Die resultierenden Ergebnisse sind nicht weltweit gleich, sondern richten sich nach der speziellen lokalen „Matrix“, die in jeder Region ihre eigenen kulturell gewachsenenen Ansprüche stellt. So entscheidet die USK, basierend auf der Spruchpraxis und den Gutachten der letzten 25 Jahre, wie stark sich welcher der obengenannten Faktoren in der Kennzeichnung eben für Deutschland niederschlägt.
Sind das dann sehr viele Einstufungen, schließlich ist der Markt von Online-Spielen und Apps sehr schnellebig?
Marek Brunner: Genau, auf diese Weise entstehen jeden Tag weltweit buchstäblich tausende automatisch generierter Kennzeichen, die dennoch sozusagen die „DNA“ der USK-Gremien in sich tragen. Wir sehen das Verfahren daher als sehr verlässlich an.

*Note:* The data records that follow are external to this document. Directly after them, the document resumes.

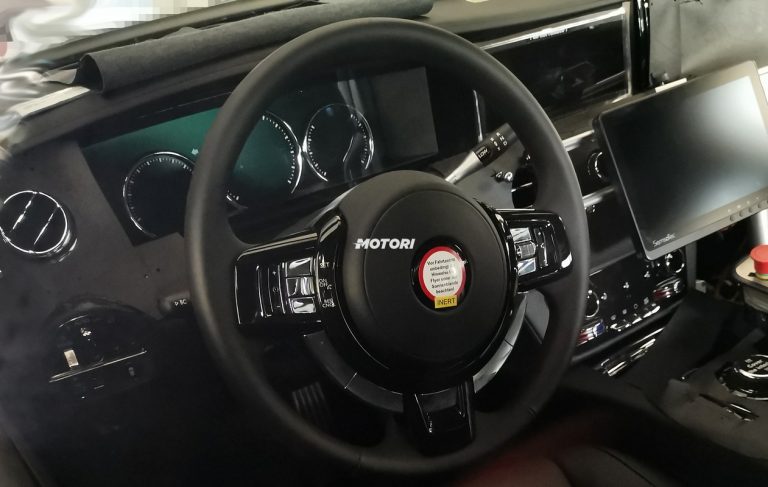 Nuova Rolls-Royce Ghost: le foto spia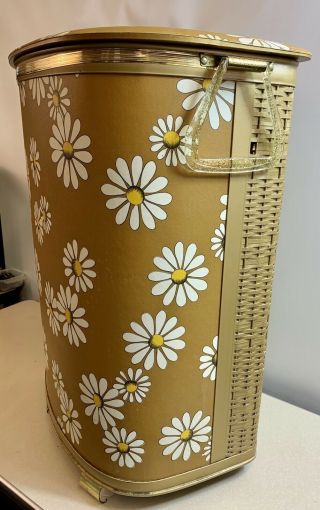 Vtg Pearl Wick Laundry Hamper Floral Daisys on Harvest Gold Duroweve Vented Back 3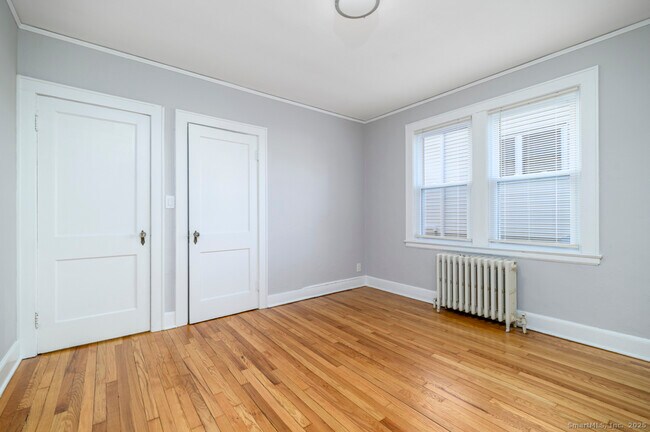 Building Photo - 58 Mayflower Ave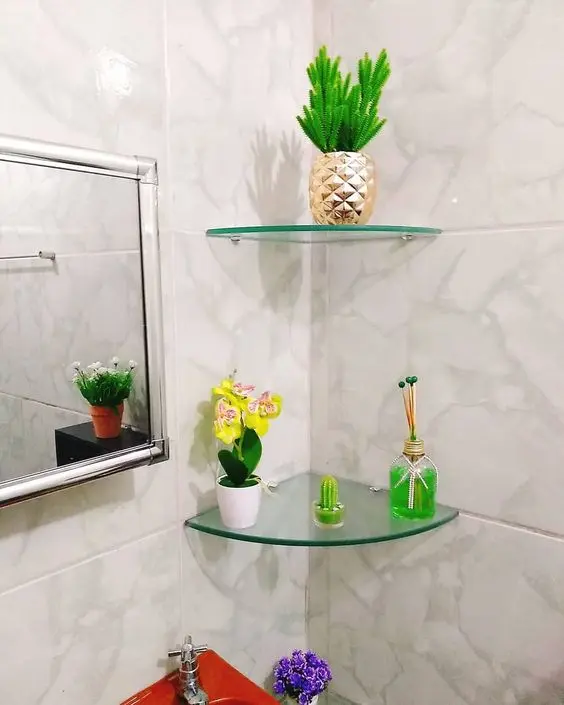 Cantoneira de vidro para decoração de banheiro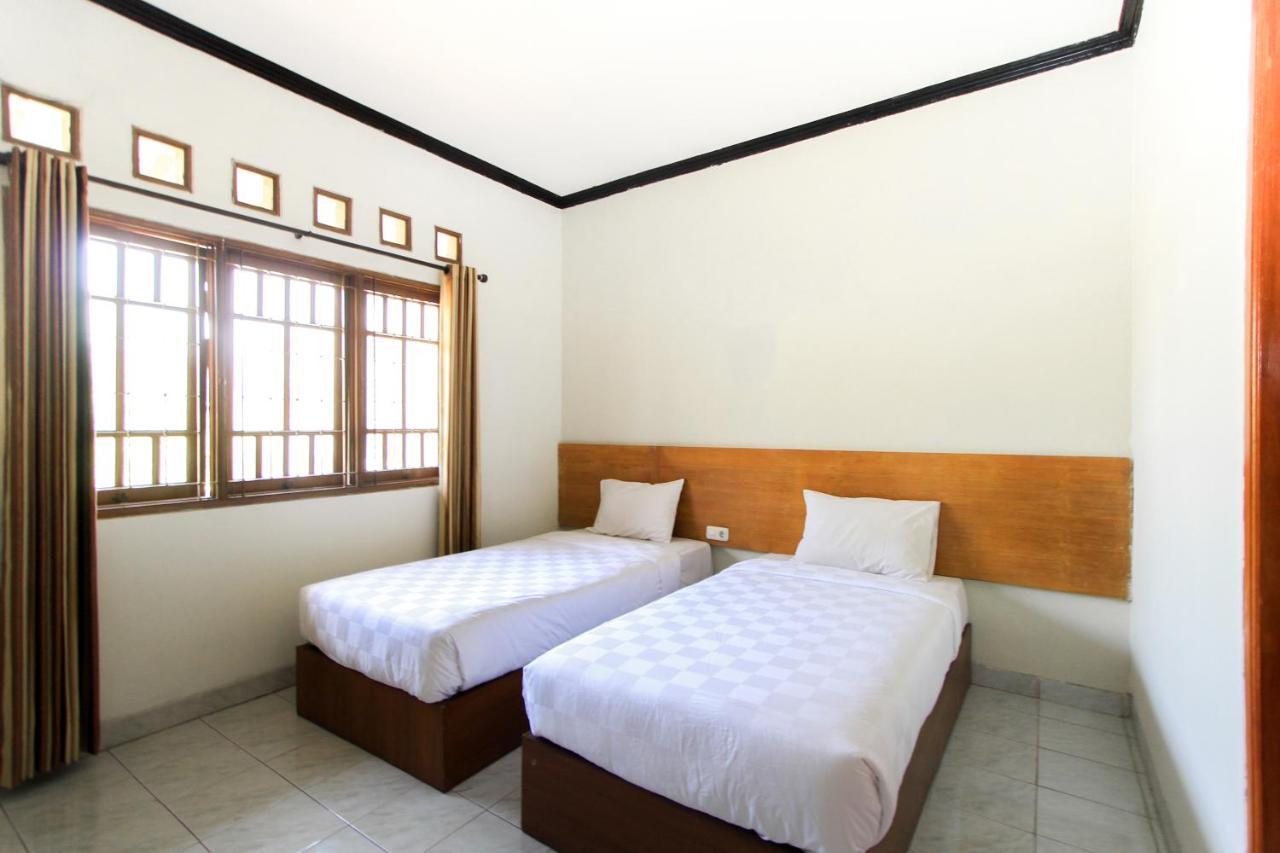 Santo Guest House Tropodo Brebek Exterior foto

Es geht auch über die reine Alterskennzeichnung hinaus: In den angeschlossenen Stores wird auch über andere Inhaltsrisiken und weitere Elemente der Spiele informiert: „Gewalt“, „Nutzerinteraktion“, „Ängstigende Inhalte“ sind zum Beispiel einige der angezeigten Indikatoren, die Eltern helfen sollen, die richtige Spiel-Entscheidung für ihre Kinder zu treffen.
Wie reagiert die USK, wenn es zu IARC-Einstufungen Beschwerden geben sollte? Oder wenn sich eine Selbsteinschätzung als falsch herausstellen sollte?
Marek Brunner: Die USK arbeitet mit einen eigenen IARC-Team daran, falsch ausgefüllte Fragebögen zu entdecken und zu ändern. Wir gehen allen Beschwerden nach, überprüfen die Apps und ändern gegebenenfalls den Fragebogen. In jedem Fall erklären wir aber per Mail, wie wir zu der Einstufung kamen und auf welchen Vorentscheidungen sie beruht.